"While we found that antiretroviral use alone may account for a 60 percent reduction in risk of HIV transmission, a concurrent increase in risk behavior meant that rates of new infections did not decline sharply, but remained roughly stable for the period studied," said study lead investigator Travis Porco, PhD, MPH, an epidemiologist with SFDPH at the time the study was conducted.
The study, to be published in the January 2, 2004 issue of AIDS, analyzed data from 1994 to 1999 from the San Francisco Young Men's Health Study (YMHS), which followed young gay men who were initially uninfected with HIV. Participants were asked about their sexual practices and tested for HIV at four follow-up visits, which included two before the widespread introduction of HAART for people with HIV in San Francisco and two later visits.
The study estimated the chances that a HIV-uninfected person would become infected by a sexual partner after factoring in sexual practice and condom use. Researchers found a per partnership decline of 60 percent in risk of becoming infected that occurred following the introduction and the widespread use of HAART by HIV-infected persons in San Francisco.
"Unfortunately, the doubling of the rate of unprotected receptive anal intercourse by study participants offset the beneficial effects of antiretroviral treatments becoming widely available," said study co-author and YMHS lead investigator, Dennis Osmond, PhD, UCSF professor in the Department of Epidemiology and Biostatistics.
"While our findings confirm that treatment of HIV-infected individuals can have quite a significant impact on the spread of AIDS, they also show that treatment needs to be accompanied by prevention interventions to reduce risky behavior in order to see the benefit in reduced rates of new HIV infections in the community," said Osmond.

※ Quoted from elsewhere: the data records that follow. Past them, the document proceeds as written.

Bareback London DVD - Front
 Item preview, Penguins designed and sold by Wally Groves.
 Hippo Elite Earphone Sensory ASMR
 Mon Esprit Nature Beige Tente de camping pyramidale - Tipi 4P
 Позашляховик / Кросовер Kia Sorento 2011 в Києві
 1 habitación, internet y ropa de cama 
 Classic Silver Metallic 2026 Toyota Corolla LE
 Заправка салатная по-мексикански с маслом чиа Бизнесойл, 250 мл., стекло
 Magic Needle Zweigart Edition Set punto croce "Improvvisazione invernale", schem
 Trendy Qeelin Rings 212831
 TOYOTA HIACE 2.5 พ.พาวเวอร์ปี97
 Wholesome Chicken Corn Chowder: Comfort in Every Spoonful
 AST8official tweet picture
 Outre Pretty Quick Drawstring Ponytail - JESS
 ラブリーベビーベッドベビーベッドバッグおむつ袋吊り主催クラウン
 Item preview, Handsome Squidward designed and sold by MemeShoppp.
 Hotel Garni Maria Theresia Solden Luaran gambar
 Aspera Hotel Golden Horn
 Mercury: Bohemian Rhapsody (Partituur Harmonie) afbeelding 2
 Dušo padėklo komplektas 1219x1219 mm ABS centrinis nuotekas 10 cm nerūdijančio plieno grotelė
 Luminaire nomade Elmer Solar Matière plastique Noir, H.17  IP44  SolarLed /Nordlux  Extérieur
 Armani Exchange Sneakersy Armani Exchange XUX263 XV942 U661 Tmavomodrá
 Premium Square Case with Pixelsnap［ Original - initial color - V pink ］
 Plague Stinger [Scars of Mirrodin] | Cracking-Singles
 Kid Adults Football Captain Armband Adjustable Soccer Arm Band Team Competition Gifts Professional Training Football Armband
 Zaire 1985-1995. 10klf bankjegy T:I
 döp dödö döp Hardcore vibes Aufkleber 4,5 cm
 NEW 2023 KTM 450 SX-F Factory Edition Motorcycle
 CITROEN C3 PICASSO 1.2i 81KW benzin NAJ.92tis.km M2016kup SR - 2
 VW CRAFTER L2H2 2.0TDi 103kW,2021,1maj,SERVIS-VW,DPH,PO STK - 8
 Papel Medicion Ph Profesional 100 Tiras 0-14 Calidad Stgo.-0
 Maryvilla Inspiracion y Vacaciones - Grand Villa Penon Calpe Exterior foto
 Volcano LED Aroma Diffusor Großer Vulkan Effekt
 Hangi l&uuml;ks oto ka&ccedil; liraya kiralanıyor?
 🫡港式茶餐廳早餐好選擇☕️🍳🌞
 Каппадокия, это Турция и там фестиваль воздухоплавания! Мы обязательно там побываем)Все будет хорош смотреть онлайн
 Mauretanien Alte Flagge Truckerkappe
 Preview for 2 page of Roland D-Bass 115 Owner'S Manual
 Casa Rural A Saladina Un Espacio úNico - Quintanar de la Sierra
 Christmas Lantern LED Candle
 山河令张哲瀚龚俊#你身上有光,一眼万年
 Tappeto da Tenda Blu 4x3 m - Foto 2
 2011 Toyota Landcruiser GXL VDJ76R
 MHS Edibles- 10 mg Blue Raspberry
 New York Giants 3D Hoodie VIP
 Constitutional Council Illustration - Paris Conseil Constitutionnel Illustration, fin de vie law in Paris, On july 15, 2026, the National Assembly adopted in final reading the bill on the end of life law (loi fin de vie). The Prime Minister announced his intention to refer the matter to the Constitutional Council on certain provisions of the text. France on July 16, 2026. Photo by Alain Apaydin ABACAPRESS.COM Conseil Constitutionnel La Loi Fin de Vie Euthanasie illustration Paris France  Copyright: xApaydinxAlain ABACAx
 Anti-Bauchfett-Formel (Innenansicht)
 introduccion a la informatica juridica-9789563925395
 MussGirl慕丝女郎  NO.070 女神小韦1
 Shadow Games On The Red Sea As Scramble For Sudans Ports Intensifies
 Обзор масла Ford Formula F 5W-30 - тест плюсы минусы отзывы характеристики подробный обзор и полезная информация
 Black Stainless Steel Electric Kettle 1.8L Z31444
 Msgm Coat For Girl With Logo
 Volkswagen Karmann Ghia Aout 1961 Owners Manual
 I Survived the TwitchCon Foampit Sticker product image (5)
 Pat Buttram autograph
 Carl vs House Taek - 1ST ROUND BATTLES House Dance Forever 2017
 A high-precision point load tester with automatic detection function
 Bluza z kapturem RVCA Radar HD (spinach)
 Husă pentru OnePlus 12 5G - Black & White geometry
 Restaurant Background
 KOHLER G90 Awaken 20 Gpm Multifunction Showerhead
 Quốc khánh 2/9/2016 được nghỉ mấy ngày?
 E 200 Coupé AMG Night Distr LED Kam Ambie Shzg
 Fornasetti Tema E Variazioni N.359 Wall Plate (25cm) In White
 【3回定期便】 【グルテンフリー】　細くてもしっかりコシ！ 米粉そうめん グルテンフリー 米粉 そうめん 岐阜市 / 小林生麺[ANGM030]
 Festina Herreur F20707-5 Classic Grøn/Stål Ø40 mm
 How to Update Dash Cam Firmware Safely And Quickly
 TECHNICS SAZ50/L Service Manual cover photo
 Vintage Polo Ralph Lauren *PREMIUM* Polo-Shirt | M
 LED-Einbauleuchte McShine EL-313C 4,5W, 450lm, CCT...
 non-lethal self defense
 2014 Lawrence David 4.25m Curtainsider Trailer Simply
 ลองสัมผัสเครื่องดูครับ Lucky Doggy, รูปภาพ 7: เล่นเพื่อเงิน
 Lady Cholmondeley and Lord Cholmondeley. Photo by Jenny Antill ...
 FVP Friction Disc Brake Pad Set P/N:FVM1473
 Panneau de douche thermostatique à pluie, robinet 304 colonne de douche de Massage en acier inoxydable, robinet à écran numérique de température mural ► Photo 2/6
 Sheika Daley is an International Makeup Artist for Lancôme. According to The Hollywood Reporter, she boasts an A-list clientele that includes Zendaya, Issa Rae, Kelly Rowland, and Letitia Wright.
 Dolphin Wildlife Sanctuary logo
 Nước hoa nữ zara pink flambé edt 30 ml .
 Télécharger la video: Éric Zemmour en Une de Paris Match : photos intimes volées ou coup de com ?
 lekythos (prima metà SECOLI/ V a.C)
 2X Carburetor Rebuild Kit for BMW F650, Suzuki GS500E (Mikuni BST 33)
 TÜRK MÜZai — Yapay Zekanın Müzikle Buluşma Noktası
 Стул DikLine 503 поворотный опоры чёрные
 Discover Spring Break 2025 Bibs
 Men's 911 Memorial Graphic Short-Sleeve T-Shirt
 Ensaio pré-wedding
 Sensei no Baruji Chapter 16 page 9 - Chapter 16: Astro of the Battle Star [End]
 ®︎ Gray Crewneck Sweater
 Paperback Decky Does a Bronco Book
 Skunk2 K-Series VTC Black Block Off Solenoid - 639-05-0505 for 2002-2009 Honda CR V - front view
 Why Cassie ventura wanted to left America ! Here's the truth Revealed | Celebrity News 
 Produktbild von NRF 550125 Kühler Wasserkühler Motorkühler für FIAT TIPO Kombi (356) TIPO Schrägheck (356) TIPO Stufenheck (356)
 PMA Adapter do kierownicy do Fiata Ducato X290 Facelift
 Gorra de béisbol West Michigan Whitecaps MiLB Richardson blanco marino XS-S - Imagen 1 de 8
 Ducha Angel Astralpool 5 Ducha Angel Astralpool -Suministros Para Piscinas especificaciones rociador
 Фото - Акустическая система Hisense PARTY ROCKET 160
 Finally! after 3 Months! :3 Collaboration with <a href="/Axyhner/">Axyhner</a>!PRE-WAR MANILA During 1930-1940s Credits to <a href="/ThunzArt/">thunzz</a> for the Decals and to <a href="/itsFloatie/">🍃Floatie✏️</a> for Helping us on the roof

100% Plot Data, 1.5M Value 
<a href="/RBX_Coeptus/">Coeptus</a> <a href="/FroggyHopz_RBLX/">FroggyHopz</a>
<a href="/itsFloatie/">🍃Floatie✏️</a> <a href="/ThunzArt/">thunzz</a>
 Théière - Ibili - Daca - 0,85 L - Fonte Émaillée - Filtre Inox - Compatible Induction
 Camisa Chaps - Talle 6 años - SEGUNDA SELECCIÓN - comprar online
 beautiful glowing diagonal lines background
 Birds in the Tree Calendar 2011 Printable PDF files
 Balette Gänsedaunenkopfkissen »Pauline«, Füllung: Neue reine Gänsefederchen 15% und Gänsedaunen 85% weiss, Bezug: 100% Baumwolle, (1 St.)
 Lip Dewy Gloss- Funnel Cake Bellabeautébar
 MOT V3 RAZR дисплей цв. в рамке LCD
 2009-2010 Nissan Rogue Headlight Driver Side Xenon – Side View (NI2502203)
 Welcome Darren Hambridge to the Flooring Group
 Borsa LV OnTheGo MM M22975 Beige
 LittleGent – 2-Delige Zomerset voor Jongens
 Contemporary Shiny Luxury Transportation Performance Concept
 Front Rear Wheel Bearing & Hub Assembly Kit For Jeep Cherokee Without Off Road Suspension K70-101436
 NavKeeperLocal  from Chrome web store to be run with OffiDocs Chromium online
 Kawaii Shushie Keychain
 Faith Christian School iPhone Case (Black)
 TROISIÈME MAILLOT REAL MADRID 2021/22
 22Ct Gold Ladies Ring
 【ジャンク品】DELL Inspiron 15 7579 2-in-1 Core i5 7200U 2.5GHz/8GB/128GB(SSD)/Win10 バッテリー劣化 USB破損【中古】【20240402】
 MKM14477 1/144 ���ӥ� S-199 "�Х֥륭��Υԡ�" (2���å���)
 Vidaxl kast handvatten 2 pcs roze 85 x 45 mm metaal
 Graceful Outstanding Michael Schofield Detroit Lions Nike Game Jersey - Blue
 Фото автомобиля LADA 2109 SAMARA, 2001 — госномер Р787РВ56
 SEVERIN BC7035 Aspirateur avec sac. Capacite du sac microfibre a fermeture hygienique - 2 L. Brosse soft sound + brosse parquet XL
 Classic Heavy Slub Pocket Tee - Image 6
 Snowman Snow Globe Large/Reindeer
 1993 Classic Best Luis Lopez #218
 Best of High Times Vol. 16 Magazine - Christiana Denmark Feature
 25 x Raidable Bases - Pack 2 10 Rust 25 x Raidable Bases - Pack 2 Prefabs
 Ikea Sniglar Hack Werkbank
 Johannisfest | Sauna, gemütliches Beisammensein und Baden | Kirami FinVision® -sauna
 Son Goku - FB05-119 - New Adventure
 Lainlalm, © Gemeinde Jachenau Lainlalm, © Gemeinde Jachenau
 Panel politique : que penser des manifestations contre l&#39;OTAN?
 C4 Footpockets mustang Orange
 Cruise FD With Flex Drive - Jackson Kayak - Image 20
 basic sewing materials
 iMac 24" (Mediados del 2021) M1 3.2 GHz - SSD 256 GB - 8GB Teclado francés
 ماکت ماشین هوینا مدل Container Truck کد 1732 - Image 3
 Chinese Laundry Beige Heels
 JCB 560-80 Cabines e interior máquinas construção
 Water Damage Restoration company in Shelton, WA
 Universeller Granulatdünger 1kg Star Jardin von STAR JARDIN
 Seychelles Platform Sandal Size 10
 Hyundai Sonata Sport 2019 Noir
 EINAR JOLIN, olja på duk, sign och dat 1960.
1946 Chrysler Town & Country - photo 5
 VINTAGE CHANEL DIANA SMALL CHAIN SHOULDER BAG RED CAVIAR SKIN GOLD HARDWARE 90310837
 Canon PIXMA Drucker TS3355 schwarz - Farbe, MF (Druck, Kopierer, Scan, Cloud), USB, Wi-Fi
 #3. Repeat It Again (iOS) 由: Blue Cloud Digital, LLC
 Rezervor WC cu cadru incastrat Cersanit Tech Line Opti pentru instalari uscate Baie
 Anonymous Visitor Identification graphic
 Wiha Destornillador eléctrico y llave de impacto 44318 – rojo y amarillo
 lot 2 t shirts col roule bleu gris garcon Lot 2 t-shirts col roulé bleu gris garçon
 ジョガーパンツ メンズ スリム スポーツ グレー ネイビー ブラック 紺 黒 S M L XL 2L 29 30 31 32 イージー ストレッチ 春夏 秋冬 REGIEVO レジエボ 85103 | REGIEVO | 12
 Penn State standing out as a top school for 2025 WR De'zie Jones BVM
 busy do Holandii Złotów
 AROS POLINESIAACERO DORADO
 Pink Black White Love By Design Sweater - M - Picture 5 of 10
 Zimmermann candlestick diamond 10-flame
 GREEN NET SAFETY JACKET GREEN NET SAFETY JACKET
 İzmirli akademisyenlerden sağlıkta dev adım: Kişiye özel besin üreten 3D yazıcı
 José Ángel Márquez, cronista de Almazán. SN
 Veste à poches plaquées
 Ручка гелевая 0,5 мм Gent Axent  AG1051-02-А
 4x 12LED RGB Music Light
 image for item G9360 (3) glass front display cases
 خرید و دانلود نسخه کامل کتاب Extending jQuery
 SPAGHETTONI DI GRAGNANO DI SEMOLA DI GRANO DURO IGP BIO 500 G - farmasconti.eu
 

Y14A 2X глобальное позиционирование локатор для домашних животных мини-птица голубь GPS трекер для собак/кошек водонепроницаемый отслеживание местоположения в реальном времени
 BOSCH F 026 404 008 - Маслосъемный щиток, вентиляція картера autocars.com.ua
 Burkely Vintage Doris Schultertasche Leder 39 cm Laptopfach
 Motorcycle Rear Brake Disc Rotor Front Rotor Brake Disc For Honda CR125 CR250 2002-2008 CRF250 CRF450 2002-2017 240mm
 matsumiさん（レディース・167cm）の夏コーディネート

Porco is currently senior epidemiologist with the Surveillance and Epidemiology Section of the Tuberculosis Control Branch of the California Department of Health Services. Other co-authors of the study are Jeffrey N. Martin, MD, MPH, assistant professor in the UCSF Department of Epidemiology and Biostatistics; Kimberly Page Shafer, PhD, MPH, assistant professor of medicine at the UCSF Center for AIDS Prevention Studies; Amber Cheng, MPH, statistician in the UCSF Department of Epidemiology and Biostatistics; Edwin Charlebois, PhD, MPH, assistant professor of medicine at the AIDS Policy Research Center at the UCSF AIDS Research Institute; and Robert M. Grant, MD, MPH, assistant investigator at the Gladstone Institute for Virology and Immunology and UCSF assistant professor of medicine.
The study was funded by grants from the National Institute on Drug Abuse, the National Cancer Institute, the National Institute of Dental and Craniofacial Research (all parts of the National Institutes of Health), the University-Wide AIDS Research Program of the State of California, the AIDS Clinical Research Center of the University of California, and the UCSF/Gladstone Institute for Virology and Immunology Center for AIDS Research.